# I need 2 find a good fixed pin sight



## realtreegurl (Feb 5, 2008)

i orderd a mathews DXT and now i need to find a good fixed pin sight, this is my first bow and i dont know much about brands, im not worried about the money to much. what do you guys think?


----------



## traveler33 (Feb 8, 2008)

I JUST BOUGHT A EXTREME SIGHT FOR MY OLD HOYT. IT HAS REALLY BRIGHT FIBER OPTIC PINS AND A ROUND HOUSING. ITS A GOOD SIGHT AND REASONABLY PRICED. THERE A ALOT OF REALLY GOOD SIGHS OUT THERE. GO TO A GOOD ARCHERY SHOP AND LOOK AT A FEW. 
GOOD LUCK


----------



## sotaman (Apr 6, 2004)

RTG

Get the five pin one and trust me you will love it I have never seen a brighter set of pins

http://www.cabelas.com/cabelas/en/templ ... id=0039056

If the link didnt work its the flash point black gold. I love mine,


----------



## RiverRob (Jul 24, 2007)

you can find some really good deals on here
http://www.archerytalk.com/vb/forumdisplay.php?f=101

depends what you are looking for in a sight, small pins, bright pins, toughness, ect
i like copper john, extreme and viper sights.

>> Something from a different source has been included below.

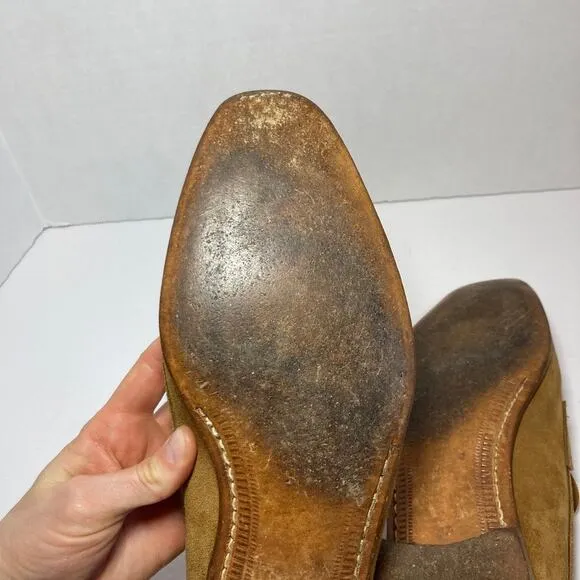 Gravati Hand‎ Made in Italy Penny Loafers Men 9.5 Suede Tan Leather Insoles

you can even get better fibers and add length with tubing to upgrade.


----------



## weasle414 (Dec 31, 2006)

I love my Carolina Archery Forfire sight. I've only got the cheap model single pin on and it works amazing. They also make them with more than just one pin and with different features.

Check 'em out!

http://www.keystonecountrystore.com/Car ... ights.html


----------



## huntin1 (Nov 14, 2003)

Do you plan on hunting much from a blind with a black interior? If so, not many of the fiber optic pins work real well in them. I would look at the TruGlo line, and get one with a tritium fiber optic pin. Best of both worlds.

huntin1


----------



## sotaman (Apr 6, 2004)

Trust me you cant go wrong with that black gold pin set.


----------